Bei 68mm Gehäusebreite: links 1 Spacer, rechts 2 Spacer (je 2,5mm dick).


----------



## DFG (18. Juni 2010)

Hat jemand die Laufräder gewechselt oder fahrt ihr alle die XMB?

Und warum soll man keinen Marthon damit fahren können? Meine Feierabendrunde liegt mit der Meute so zwischen 40 und 60 km. Bislang habe ich kein Problem. Das Rad ist nicht verändert bis auf die Griffe und den Reifen hinten.


----------



## Chucknorman (20. Juni 2010)

An meinem AMS 125 waren die auch dran, hab sie dann gegen richtige All Mountain LRS getauscht, da ich sie fast nach jeder Tour entbeulen musste. Am Race sind sie sicher nicht verkehrt und für den Einsatzzweck sicherlich ausreichend nur schwer sind sie.


----------



## MTB-News.de




----------



## DFG (21. Juni 2010)

Jup zu schwer, wobei die das was ich fahre ohne Beulen mitmachen. Bis jetzt......


----------



## Gaz (25. Juni 2010)

Habt ihr auch so Probleme das die Sattelstütze sich immer von alleine absenkt? Ich habe schon mit Ethanol das ganze Fett beseitigt ( ja ich weiss,soll man nicht machen aber mich kotzt das selbstständige absenken an) und den Schnellspanner mehr als fest angezogen. Aber immer wieder nach ca.10km senkt sich die Sattelstütze um ca.1 cm ab. 
Bin kurz davor ne Schraube zu nehmen und die darein zu kloppen.


----------



## Tobi1910 (30. Dezember 2010)

Hallo,

so jetzt ist meins auch da.... 

Gruß Tobi

PS: Meine Sattelstütze hält


----------



## xerto (31. Dezember 2010)

Gaz schrieb:


> Habt ihr auch so Probleme das die Sattelstütze sich immer von alleine absenkt? Ich habe schon mit Ethanol das ganze Fett beseitigt ( ja ich weiss,soll man nicht machen aber mich kotzt das selbstständige absenken an) und den Schnellspanner mehr als fest angezogen. Aber immer wieder nach ca.10km senkt sich die Sattelstütze um ca.1 cm ab.
> Bin kurz davor ne Schraube zu nehmen und die darein zu kloppen.



Mein Race ist von 2008 und hat das gleiche Problem. Weiß keine Lösung..


----------



## r19andre (31. Dezember 2010)

Tach,

schmeißt den original SSP raus. Die taugen nix. Am besten einen von Salsa o.ä.

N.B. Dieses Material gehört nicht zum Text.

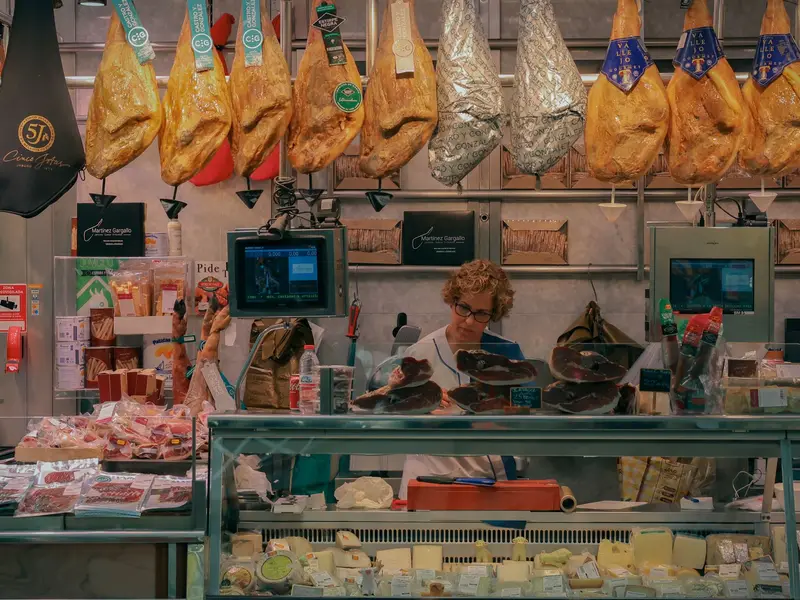 Mostrador de un deli con jamones colgados, quesos en la vitrina y una balanza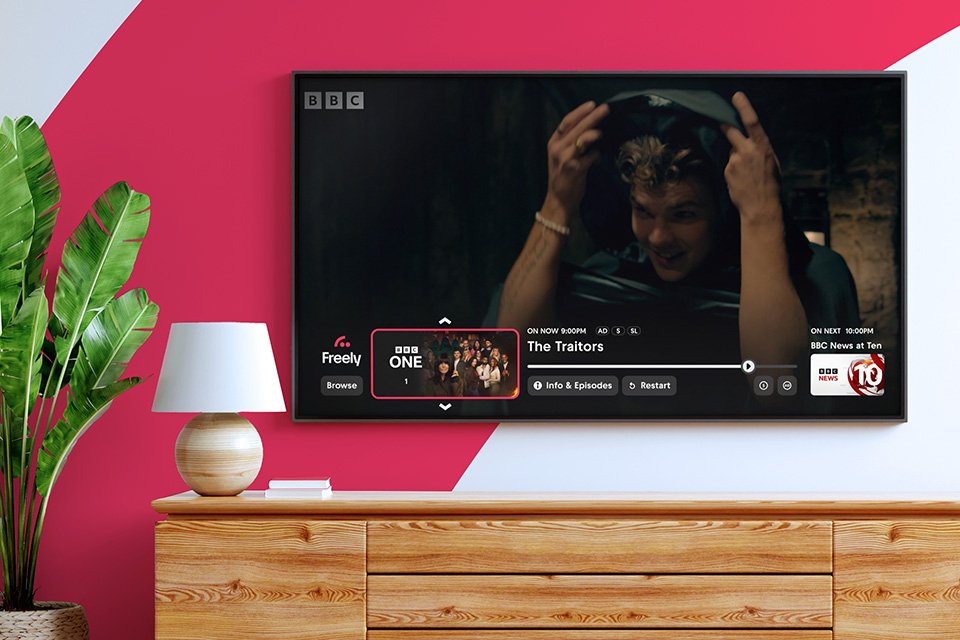 A TV show being watched via the Freely platform on a smart TV in a living room setup.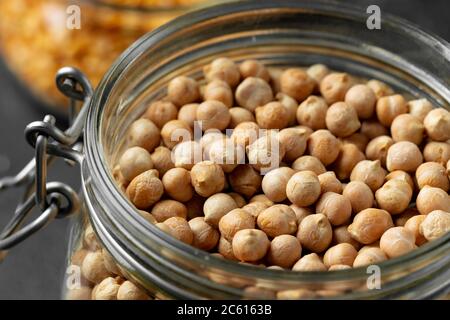 Uncooked dried chickpeas in glass jar close up Stock Photo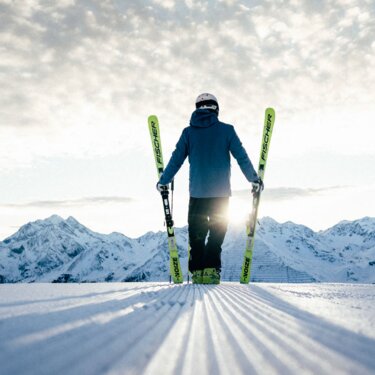 A person with skis in front of a picturesque mountain landscape in sunlight.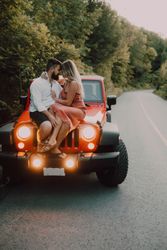 Loving couple sitting on car on road near forest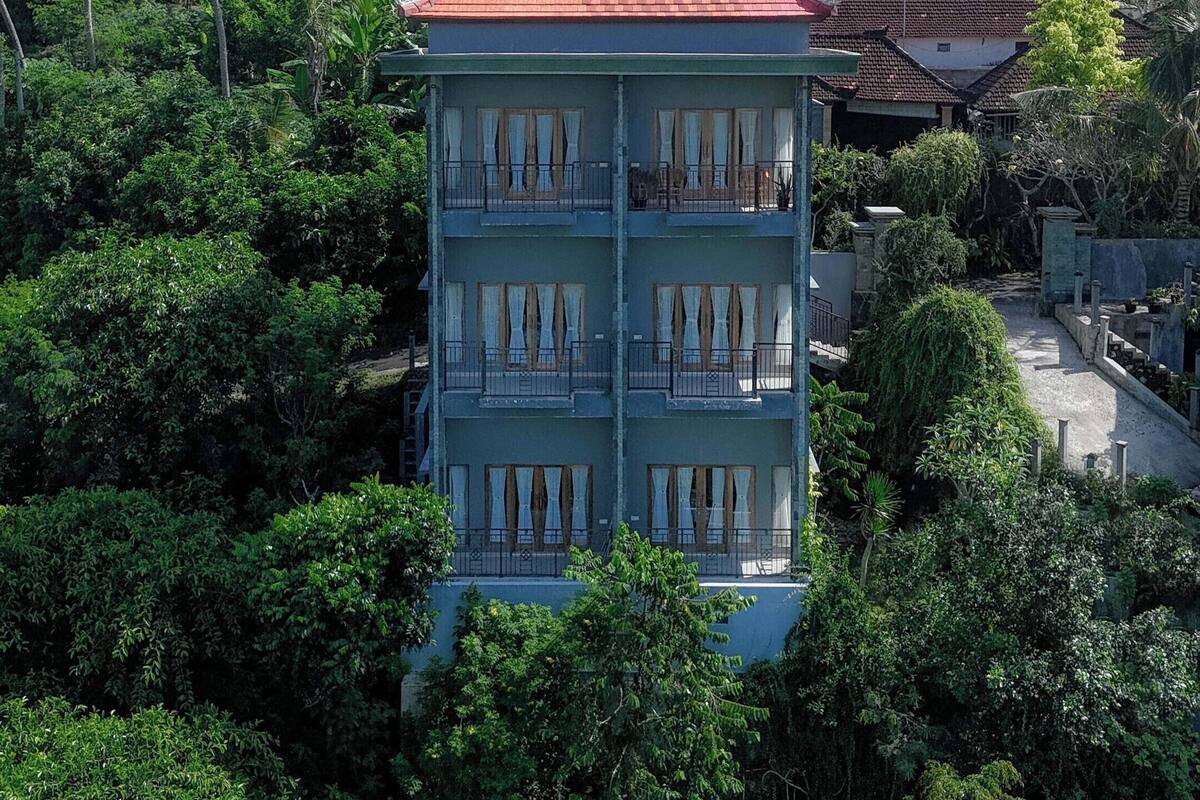 Un immeuble à plusieurs étages doté de balcons, entouré d’une végétation luxuriante et surplombant un ciel dégagé.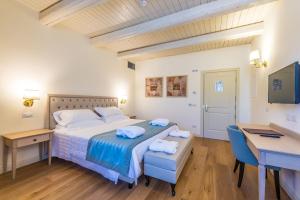 Postel nebo postele na pokoji v ubytování Relais Paradiso Resort & Spa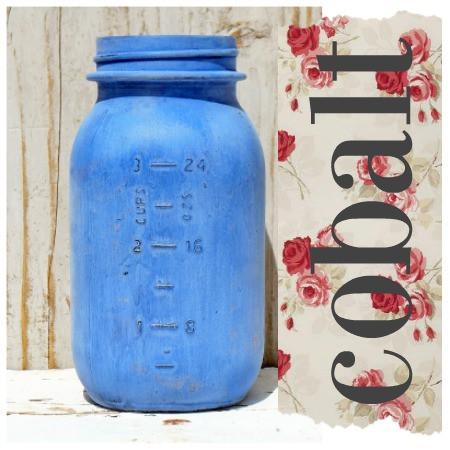 A jar labeled 'Cobalt' by Sweet Pickins Milk Paint, displaying a blue painted finish on a wooden surface with a floral patterned fabric in the background.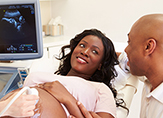 Pregnant woman having sonogram taken.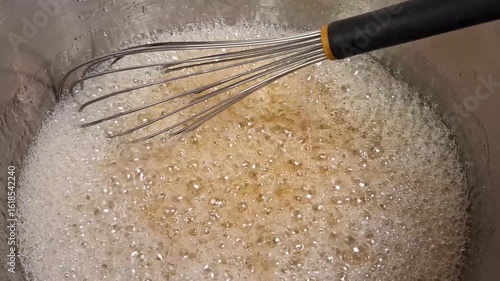 close up view of whisk mixing boiling caramel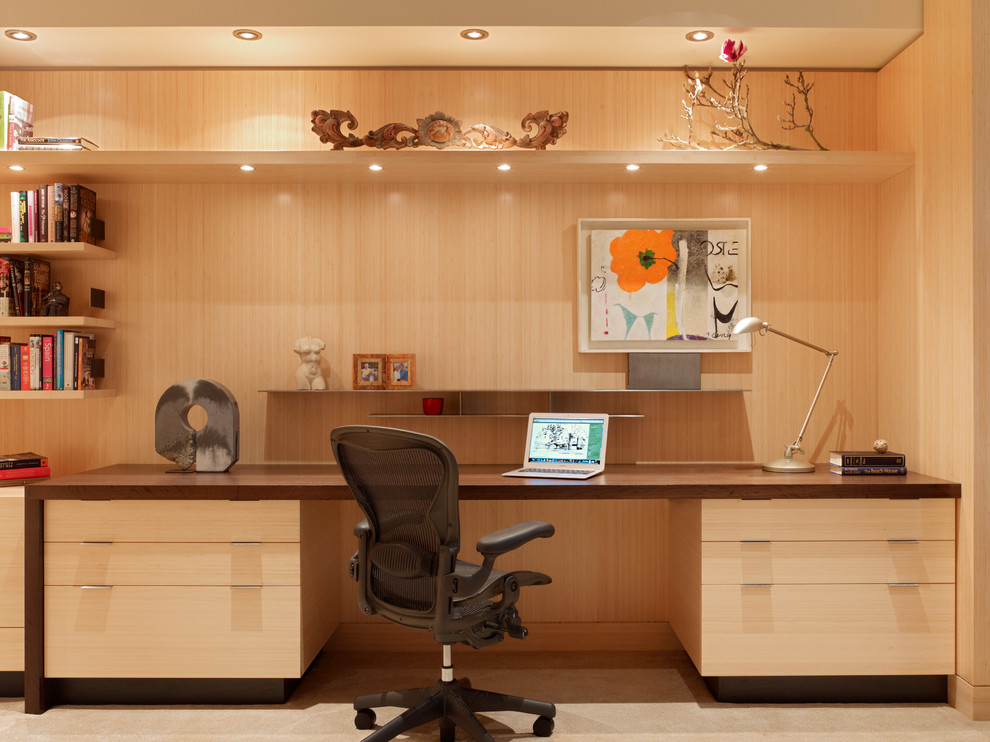 Study room - mid-sized modern built-in desk carpeted study room idea in San Francisco with beige walls and no fireplace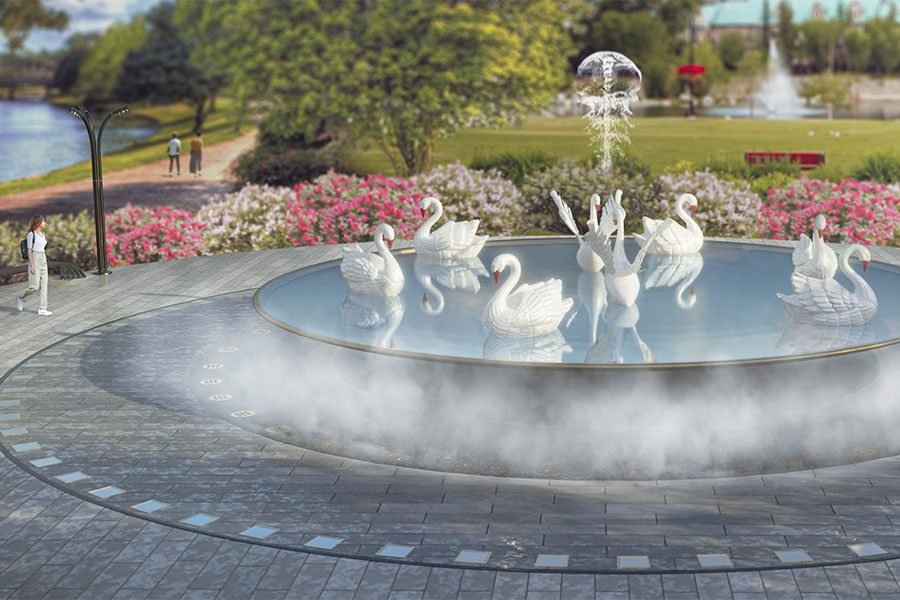 circular lake with swans and mist fountain effect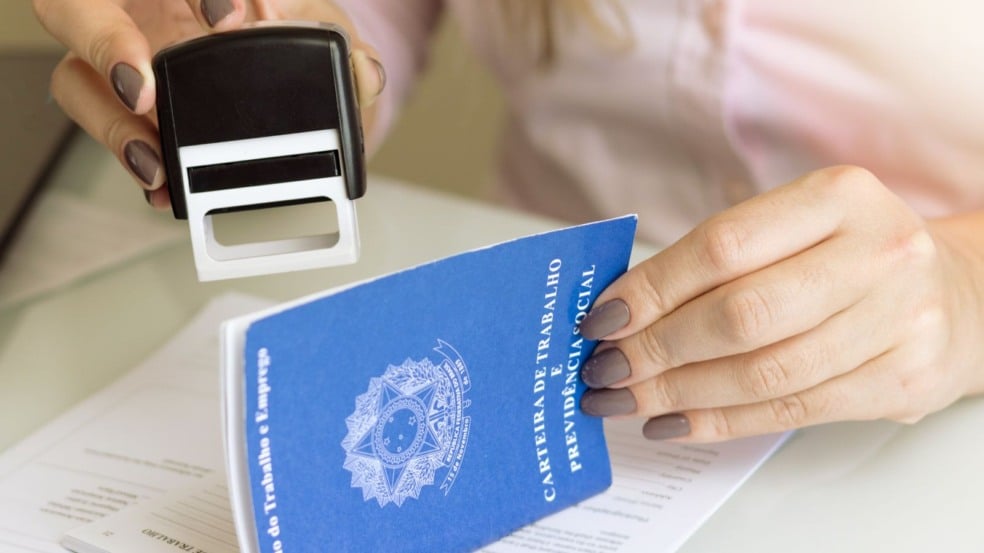 Carteira de trabalho sendo assinada.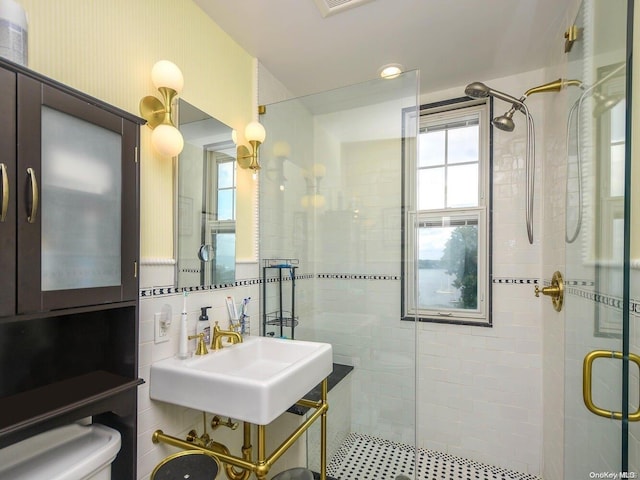 bathroom featuring toilet, sink, tile walls, and walk in shower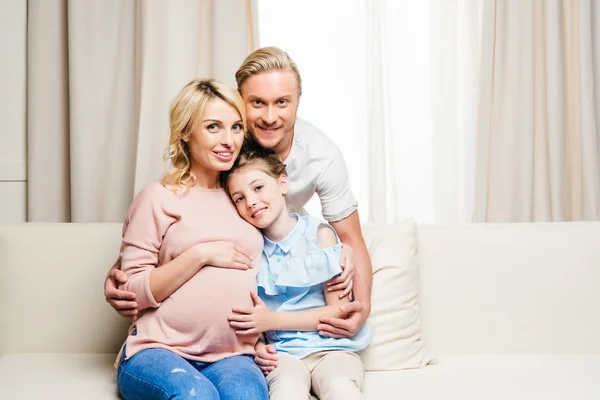 Familia feliz sentado en el sofá - foto de stock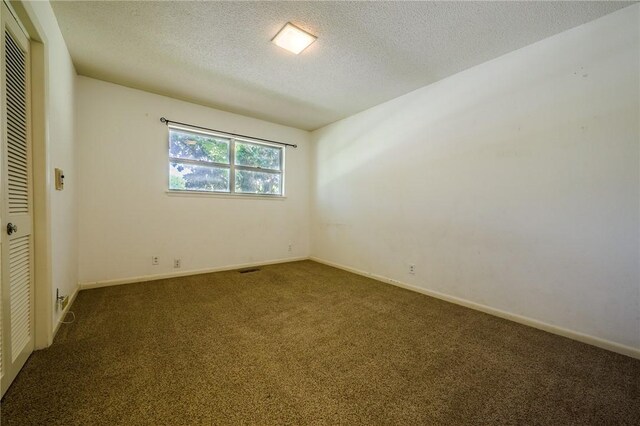 carpeted empty room featuring a textured ceiling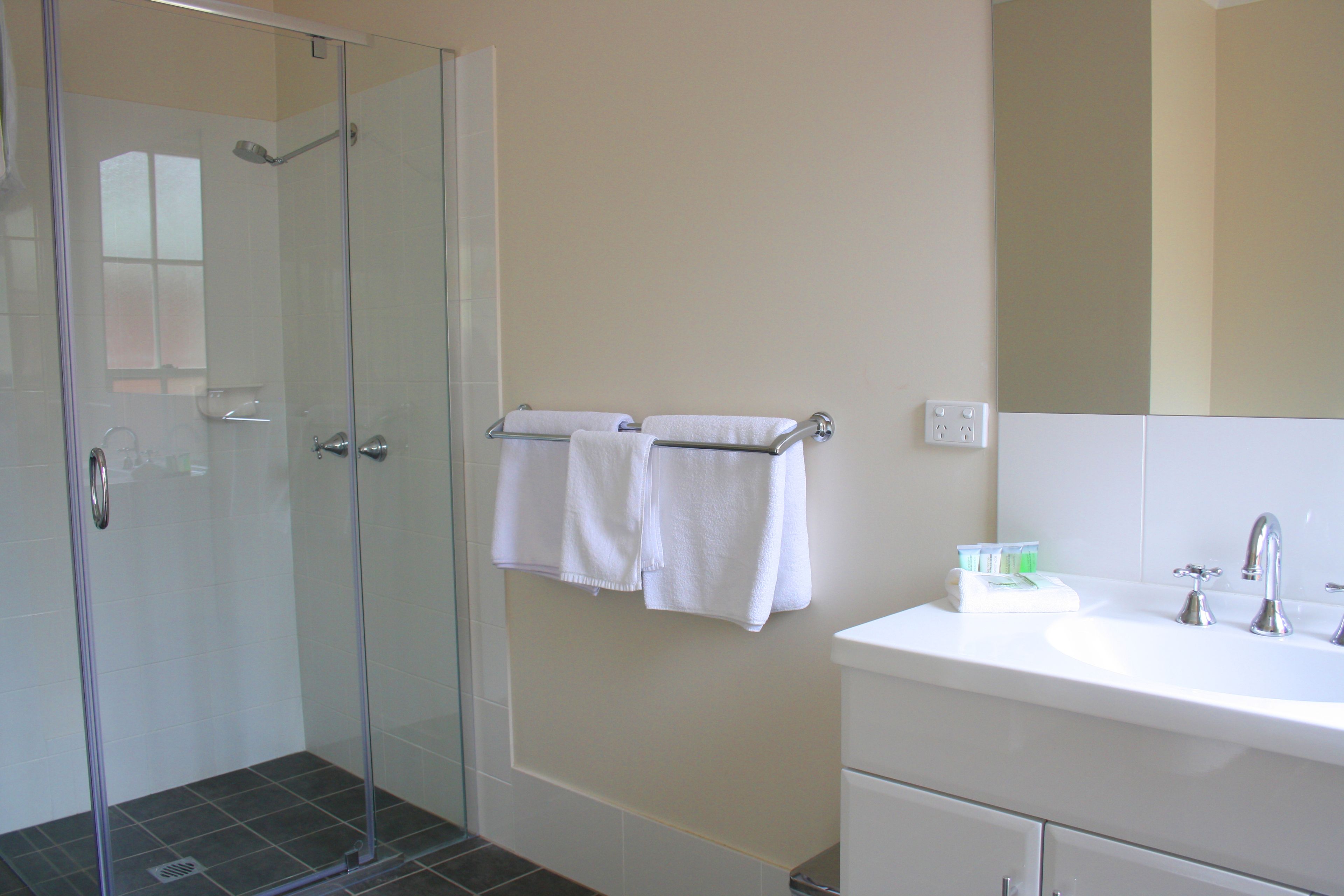 Un baño con cabina de ducha de vidrio, un lavabo blanco y un perchero con dos toallas.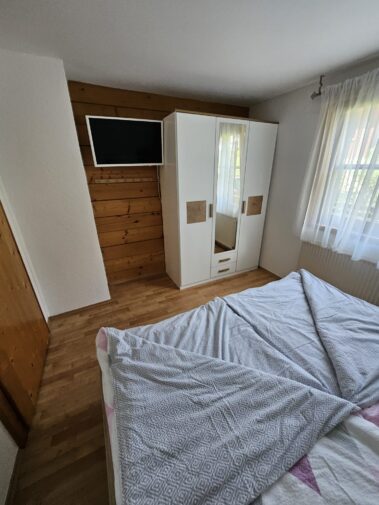 Zimmer mit TV und Kleiderschrank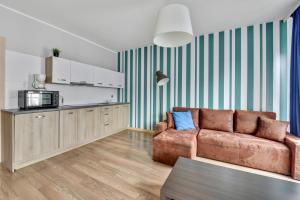 Kuchnia lub aneks kuchenny w obiekcie Grand Apartments - Szafuza Apartment Gdańsk Szafarnia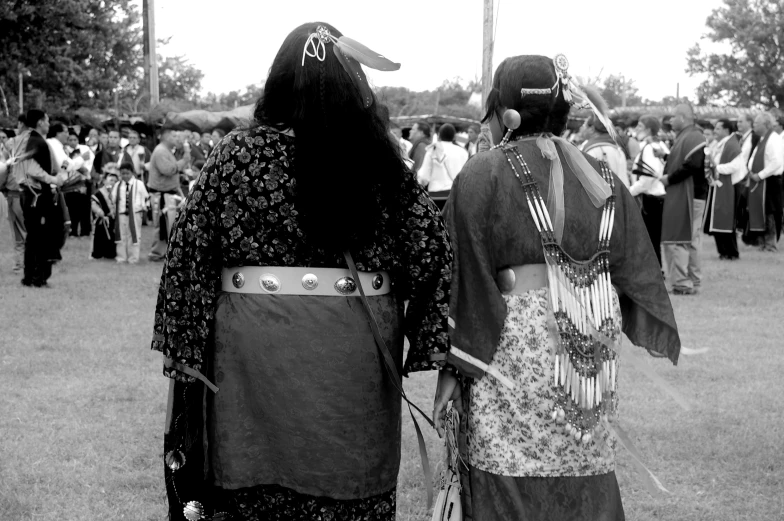 two people dressed as samurais in front of a crowd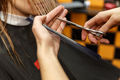 Professional hairdresser dyeing hair of her client in salon. Haircutter cuting hair. Selective focus - PhotoDune Item for Sale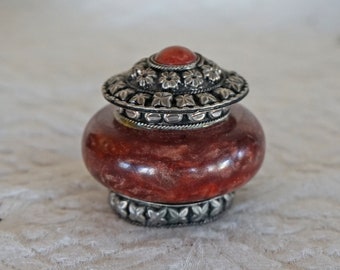May include: A small, round, red and brown stone box with a silver lid. The lid is decorated with a silver band and a red stone in the center.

Noch besser, eine Schelle mit Schraube statt Spanner und statt fett Carbonpaste nehmen.

Gruß
Andre


----------



## flying-harry (3. Januar 2011)

Juhu bin nun auch stolzer Besitzer eines LTD Race 2010.
Anfänglich spielte ich noch mit dem Gedanken mir das  AMS 125 Trail, Restposten 2010 zu kaufen, aber für mich als Einsteiger ist das LTD wohl die vorerst bessere Wahl.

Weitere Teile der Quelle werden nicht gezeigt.